Example: Service file with a single service
services:
MyDatabaseService:
type: DatabaseConnector
source:
url: jdbc:sqlserver://myserver:1433;DatabaseName=mydatabase
A service file may contain multiple services, possibly with different service types. Within the service file, each service must be identified by a unique name.
Example: Service file with multiple services
services:
MyDatabaseService:
type: DatabaseConnector
source:
url: jdbc:sqlserver://myserver:1433;DatabaseName=mydatabase
MyStorageService:
type: StorageConnector
source:
url: s3a://my-s3-bucket
Executing a service
A service can be executed using the command-line interface (CLI) application by specifying the service name and the service file. Services can also be automatically launched by the server application, based on the schedules defined in the services.
The application loads and executes the service:
- The application validates the service configuration.
- The application starts a job that, depending on the service type, performs a predefined, fixed sequence of steps.
- Each step of the job typically processes a different section of the service configuration.
- Finally, the job finishes successfully or terminates with an error message.
Each service type specifies a predefined, fixed sequence of steps.
A service type (e.g. DatabaseConnector) might extract and transform metadata from a source, while another service type (e.g. ApplicationReorg) might perform maintenance work.
During execution, the placeholders in the service configuration are resolved by searching for them in the configured placeholder sources. The execution details and the statuses of the currently running or finished services are stored in the working database.
Service file monitor
The server application automatically starts a service file monitor. The service file monitor periodically scans the default service directory (including its subdirectories) and the default service file for created, modified, or deleted services.
The application configuration connector.config.service.monitor.interval specifies how often the service file monitor should scan the file system, or if the service file monitor should be disabled.
By keeping track of service files, the server application can extract the schedules defined in the services and automatically launch scheduled services. Each time a service file is created, modified, or deleted, the file is parsed and the scheduled services associated with the file are updated. If a service file cannot be parsed, all existing schedules of that file are canceled.
Configuration
A service is configured by defining its unique name, the service type, and the configuration.

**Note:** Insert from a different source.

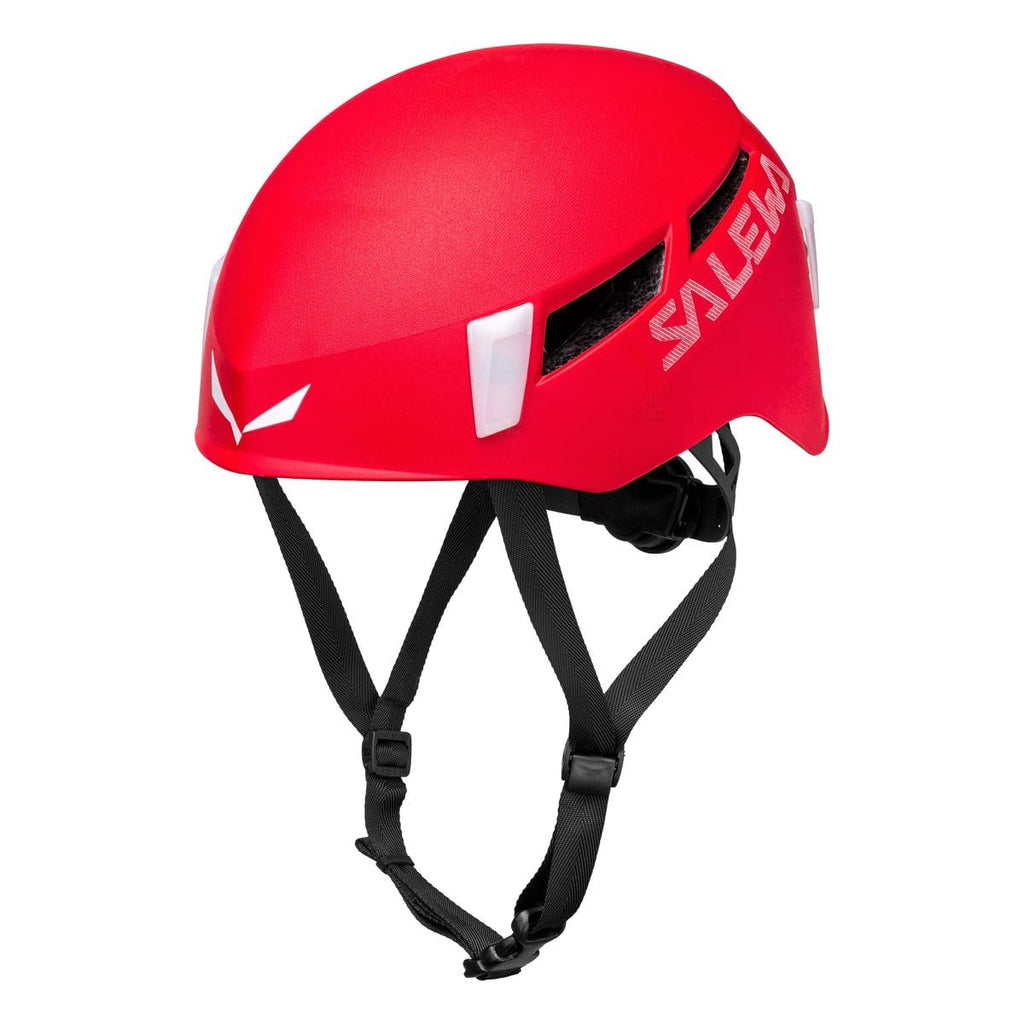 Salewa Pura Climbing Helmet – Adjustable ABS Hard-Shell, Red, L/XL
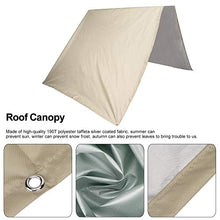 Load image into Gallery viewer, AUNMAS Outdoor Swing Patio Swing Cover Kids Playground Roof Canopy Cover Replacement Tarp Sunshade for Garden(2#)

While YAML itself doesn't enforce any naming style for property names, multi-word properties (for example, access key) are typically specified in lowercase separated by hyphens (for example, access-key).
This naming style - commonly referred to as kebab-case - is used in the following descriptions and examples.
However, all multi-word properties can also be specified in camelCase (for example, accessKey).
Services have the following configuration in common. Specific service types have additional configurations.
Properties marked with * are required for the service to run.
🔑 Property type *
The service type.
requiredThe service type identifies the predefined, fixed sequence of steps that are performed by the job when the service is executed.
Example: Property type
services:
MyService:
type: DatabaseConnector
🔑 Property schedule
The service schedule specified as a cron expression.
optionalThe default is null (not scheduled).
If a schedule is defined, the server application automatically launches the service, when the specified cron expression matches the current date and time.
Example: Property schedule
services:
MyDatabaseConnector:
type: DatabaseConnector
schedule: "30 09,12,15,18 * * *" # daily, at 09:30, 12:30, 15:30, 18:30
MyApplicationReorg:
type: ApplicationReorg
schedule: "0 1 1,15 * *" # on the 1st and 15th of every month, at 01:00
While each service type has its own specific configuration, the following general concepts apply to all service configurations.
Placeholders
Placeholders are tokens used in service configurations to represent string values which are stored in external sources.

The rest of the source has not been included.